> **Description of the task**:
Give the data below again exactly as it stands. Omit the pictures.

> **Collected data**:

+--

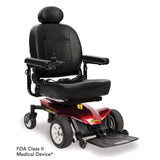 Pride Jazzy Elite ES power wheelchair in Candy Apple Red, right-side three-quarter view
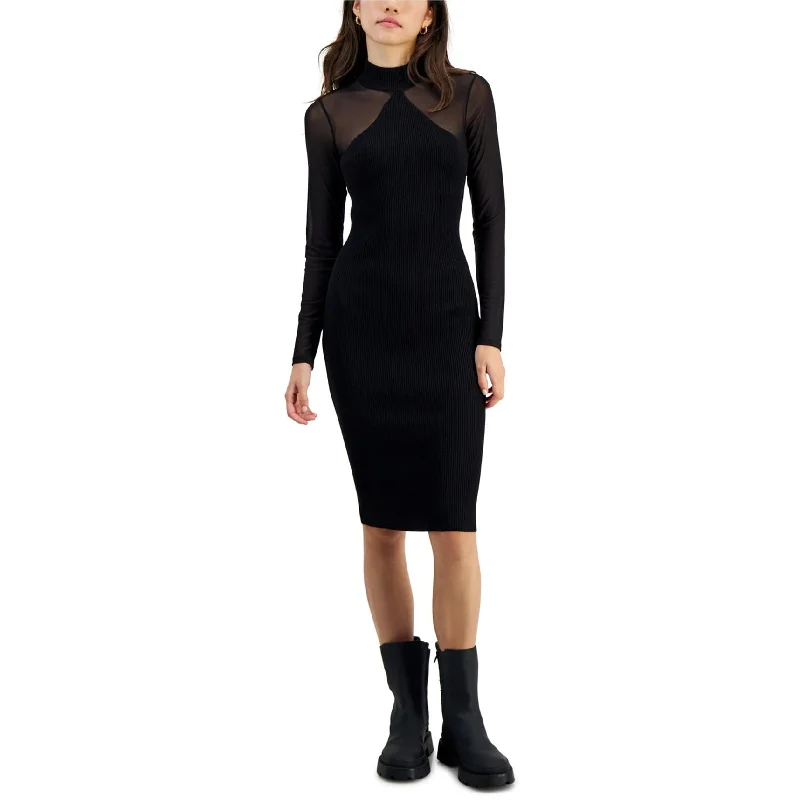 Almost Famous Womens Long Sleeve Ribbed Bodycon Midi Dress, Black, X-Large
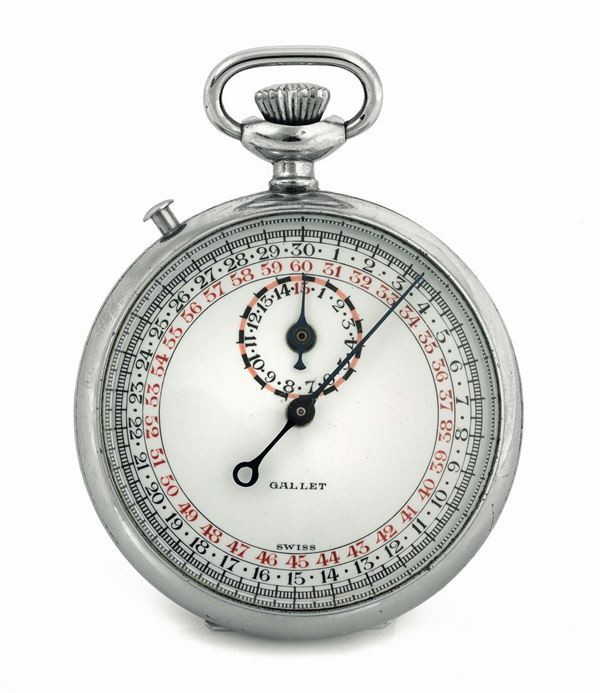 GALLET, orologio cronografo, in acciaio, con funzione rattrappante. Realizzato nel 1950 circa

+--

> **Solution to the exercise**:
 Pride Jazzy Elite ES power wheelchair in Candy Apple Red, right-side three-quarter view
 Almost Famous Womens Long Sleeve Ribbed Bodycon Midi Dress, Black, X-Large
 GALLET, orologio cronografo, in acciaio, con funzione rattrappante. Realizzato nel 1950 circa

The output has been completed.